Records for the task ▸
********************

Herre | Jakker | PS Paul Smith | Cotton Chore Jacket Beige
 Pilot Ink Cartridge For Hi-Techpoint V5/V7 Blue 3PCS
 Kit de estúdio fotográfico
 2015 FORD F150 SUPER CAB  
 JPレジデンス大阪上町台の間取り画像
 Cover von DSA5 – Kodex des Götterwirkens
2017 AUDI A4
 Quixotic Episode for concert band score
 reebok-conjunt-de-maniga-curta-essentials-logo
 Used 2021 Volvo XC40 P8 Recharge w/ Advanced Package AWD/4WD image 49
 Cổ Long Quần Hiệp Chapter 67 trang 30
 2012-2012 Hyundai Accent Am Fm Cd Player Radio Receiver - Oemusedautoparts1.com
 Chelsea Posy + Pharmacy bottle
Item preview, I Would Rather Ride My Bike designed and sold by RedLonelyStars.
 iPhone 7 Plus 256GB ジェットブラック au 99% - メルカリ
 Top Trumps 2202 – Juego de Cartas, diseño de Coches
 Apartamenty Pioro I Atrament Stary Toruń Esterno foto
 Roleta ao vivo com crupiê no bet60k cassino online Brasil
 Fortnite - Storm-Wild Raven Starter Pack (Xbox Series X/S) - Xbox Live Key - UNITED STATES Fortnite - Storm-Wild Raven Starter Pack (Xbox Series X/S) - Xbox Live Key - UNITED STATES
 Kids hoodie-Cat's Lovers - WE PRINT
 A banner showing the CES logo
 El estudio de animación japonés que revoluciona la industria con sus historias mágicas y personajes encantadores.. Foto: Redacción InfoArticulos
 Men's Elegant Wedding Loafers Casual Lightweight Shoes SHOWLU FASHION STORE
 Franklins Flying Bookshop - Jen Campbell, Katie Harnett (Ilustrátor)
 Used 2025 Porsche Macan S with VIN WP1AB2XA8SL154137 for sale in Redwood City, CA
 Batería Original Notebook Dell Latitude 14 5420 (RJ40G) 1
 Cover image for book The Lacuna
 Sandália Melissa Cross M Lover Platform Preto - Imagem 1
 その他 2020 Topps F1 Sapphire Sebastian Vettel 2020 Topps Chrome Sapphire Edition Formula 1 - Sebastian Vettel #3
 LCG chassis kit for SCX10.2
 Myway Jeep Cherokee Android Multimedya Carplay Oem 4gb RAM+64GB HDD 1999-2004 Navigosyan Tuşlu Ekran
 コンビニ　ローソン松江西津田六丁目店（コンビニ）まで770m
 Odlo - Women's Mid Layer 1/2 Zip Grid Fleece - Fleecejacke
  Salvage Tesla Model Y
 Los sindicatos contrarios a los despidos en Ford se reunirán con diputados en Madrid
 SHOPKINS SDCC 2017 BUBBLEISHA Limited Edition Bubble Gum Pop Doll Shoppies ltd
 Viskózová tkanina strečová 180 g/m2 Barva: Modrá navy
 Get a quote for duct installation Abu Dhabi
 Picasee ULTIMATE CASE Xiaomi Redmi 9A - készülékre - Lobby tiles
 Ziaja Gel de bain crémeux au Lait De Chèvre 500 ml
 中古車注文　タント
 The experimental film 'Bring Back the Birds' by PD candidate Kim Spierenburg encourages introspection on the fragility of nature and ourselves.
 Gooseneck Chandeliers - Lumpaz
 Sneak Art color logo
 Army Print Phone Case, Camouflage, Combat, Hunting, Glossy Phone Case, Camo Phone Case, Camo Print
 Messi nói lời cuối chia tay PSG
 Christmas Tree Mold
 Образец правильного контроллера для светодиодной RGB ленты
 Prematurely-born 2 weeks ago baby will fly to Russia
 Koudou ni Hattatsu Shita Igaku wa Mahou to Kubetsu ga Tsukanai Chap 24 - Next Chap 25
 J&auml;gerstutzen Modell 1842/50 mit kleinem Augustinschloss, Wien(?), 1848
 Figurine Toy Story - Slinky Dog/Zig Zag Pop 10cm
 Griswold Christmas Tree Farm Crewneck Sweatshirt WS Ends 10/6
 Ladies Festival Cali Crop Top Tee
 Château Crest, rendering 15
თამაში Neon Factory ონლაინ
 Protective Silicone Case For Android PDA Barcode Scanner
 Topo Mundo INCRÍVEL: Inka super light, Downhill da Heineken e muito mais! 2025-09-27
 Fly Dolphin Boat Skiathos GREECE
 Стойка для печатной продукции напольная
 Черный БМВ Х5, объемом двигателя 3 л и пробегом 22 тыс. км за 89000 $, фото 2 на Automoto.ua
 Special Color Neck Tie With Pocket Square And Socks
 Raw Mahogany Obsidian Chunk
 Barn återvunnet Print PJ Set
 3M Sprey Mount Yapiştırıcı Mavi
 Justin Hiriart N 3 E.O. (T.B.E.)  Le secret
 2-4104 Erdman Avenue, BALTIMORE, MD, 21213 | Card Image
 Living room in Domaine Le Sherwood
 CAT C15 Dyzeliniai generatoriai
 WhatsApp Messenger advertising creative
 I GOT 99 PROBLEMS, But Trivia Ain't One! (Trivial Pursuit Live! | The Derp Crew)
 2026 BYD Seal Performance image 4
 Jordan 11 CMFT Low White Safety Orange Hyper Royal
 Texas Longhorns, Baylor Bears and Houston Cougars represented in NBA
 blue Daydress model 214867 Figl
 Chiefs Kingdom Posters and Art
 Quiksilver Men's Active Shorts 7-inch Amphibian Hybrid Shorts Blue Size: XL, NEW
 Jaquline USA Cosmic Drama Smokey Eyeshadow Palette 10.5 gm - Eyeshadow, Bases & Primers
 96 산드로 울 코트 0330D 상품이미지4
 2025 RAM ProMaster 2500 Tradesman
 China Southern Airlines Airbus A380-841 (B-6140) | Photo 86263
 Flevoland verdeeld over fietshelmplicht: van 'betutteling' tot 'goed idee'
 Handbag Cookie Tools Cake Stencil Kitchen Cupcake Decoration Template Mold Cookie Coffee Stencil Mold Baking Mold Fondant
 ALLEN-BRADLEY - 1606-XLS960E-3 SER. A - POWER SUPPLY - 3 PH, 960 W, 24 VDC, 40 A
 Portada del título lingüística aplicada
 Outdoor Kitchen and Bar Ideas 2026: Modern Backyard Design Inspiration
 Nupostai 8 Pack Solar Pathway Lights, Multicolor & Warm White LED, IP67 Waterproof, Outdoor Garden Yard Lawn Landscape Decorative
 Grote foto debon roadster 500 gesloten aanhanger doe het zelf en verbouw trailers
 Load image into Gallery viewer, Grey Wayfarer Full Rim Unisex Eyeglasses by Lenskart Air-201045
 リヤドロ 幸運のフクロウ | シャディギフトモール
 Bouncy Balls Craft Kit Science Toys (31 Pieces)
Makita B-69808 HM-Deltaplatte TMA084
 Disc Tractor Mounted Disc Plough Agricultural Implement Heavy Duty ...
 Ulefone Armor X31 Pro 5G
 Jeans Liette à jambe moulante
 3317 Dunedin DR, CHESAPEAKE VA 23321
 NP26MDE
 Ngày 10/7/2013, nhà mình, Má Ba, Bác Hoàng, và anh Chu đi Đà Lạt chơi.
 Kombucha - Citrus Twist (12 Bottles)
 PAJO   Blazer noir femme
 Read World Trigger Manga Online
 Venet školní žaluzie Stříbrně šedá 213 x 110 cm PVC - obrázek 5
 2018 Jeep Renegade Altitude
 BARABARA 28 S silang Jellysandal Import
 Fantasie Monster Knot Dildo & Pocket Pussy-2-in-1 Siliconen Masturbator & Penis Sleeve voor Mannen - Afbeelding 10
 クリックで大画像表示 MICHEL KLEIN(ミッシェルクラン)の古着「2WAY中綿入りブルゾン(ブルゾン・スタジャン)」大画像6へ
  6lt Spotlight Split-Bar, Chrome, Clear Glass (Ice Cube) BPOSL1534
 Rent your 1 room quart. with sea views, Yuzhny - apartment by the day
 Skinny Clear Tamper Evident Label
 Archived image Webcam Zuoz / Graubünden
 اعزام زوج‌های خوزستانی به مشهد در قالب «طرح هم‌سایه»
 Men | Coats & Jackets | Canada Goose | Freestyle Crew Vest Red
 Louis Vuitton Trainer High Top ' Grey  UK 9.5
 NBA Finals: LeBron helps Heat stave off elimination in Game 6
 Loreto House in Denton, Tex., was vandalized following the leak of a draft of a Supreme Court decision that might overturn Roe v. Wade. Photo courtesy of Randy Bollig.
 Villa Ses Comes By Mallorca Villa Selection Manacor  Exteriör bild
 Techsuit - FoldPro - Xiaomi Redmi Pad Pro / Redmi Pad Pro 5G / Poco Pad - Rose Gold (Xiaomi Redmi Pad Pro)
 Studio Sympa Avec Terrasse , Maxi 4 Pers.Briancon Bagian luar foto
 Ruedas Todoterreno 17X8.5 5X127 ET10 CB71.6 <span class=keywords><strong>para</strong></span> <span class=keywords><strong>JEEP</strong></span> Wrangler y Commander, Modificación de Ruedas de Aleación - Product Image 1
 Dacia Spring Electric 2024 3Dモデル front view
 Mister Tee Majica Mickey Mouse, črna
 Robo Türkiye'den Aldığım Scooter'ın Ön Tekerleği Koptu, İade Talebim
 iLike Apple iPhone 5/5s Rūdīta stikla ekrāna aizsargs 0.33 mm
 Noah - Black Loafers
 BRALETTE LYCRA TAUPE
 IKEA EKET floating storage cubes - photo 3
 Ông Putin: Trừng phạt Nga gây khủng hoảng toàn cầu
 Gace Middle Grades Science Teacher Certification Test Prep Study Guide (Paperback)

********************

Retype the line containing "3317 Dunedin DR, CHESAPEAKE VA 23321" and all the lines after it, ending with the final line of the material, exactly.

Answer to the exercise ▸
 3317 Dunedin DR, CHESAPEAKE VA 23321
 NP26MDE
 Ngày 10/7/2013, nhà mình, Má Ba, Bác Hoàng, và anh Chu đi Đà Lạt chơi.
 Kombucha - Citrus Twist (12 Bottles)
 PAJO   Blazer noir femme
 Read World Trigger Manga Online
 Venet školní žaluzie Stříbrně šedá 213 x 110 cm PVC - obrázek 5
 2018 Jeep Renegade Altitude
 BARABARA 28 S silang Jellysandal Import
 Fantasie Monster Knot Dildo & Pocket Pussy-2-in-1 Siliconen Masturbator & Penis Sleeve voor Mannen - Afbeelding 10
 クリックで大画像表示 MICHEL KLEIN(ミッシェルクラン)の古着「2WAY中綿入りブルゾン(ブルゾン・スタジャン)」大画像6へ
  6lt Spotlight Split-Bar, Chrome, Clear Glass (Ice Cube) BPOSL1534
 Rent your 1 room quart. with sea views, Yuzhny - apartment by the day
 Skinny Clear Tamper Evident Label
 Archived image Webcam Zuoz / Graubünden
 اعزام زوج‌های خوزستانی به مشهد در قالب «طرح هم‌سایه»
 Men | Coats & Jackets | Canada Goose | Freestyle Crew Vest Red
 Louis Vuitton Trainer High Top ' Grey  UK 9.5
 NBA Finals: LeBron helps Heat stave off elimination in Game 6
 Loreto House in Denton, Tex., was vandalized following the leak of a draft of a Supreme Court decision that might overturn Roe v. Wade. Photo courtesy of Randy Bollig.
 Villa Ses Comes By Mallorca Villa Selection Manacor  Exteriör bild
 Techsuit - FoldPro - Xiaomi Redmi Pad Pro / Redmi Pad Pro 5G / Poco Pad - Rose Gold (Xiaomi Redmi Pad Pro)
 Studio Sympa Avec Terrasse , Maxi 4 Pers.Briancon Bagian luar foto
 Ruedas Todoterreno 17X8.5 5X127 ET10 CB71.6 <span class=keywords><strong>para</strong></span> <span class=keywords><strong>JEEP</strong></span> Wrangler y Commander, Modificación de Ruedas de Aleación - Product Image 1
 Dacia Spring Electric 2024 3Dモデル front view
 Mister Tee Majica Mickey Mouse, črna
 Robo Türkiye'den Aldığım Scooter'ın Ön Tekerleği Koptu, İade Talebim
 iLike Apple iPhone 5/5s Rūdīta stikla ekrāna aizsargs 0.33 mm
 Noah - Black Loafers
 BRALETTE LYCRA TAUPE
 IKEA EKET floating storage cubes - photo 3
 Ông Putin: Trừng phạt Nga gây khủng hoảng toàn cầu
 Gace Middle Grades Science Teacher Certification Test Prep Study Guide (Paperback)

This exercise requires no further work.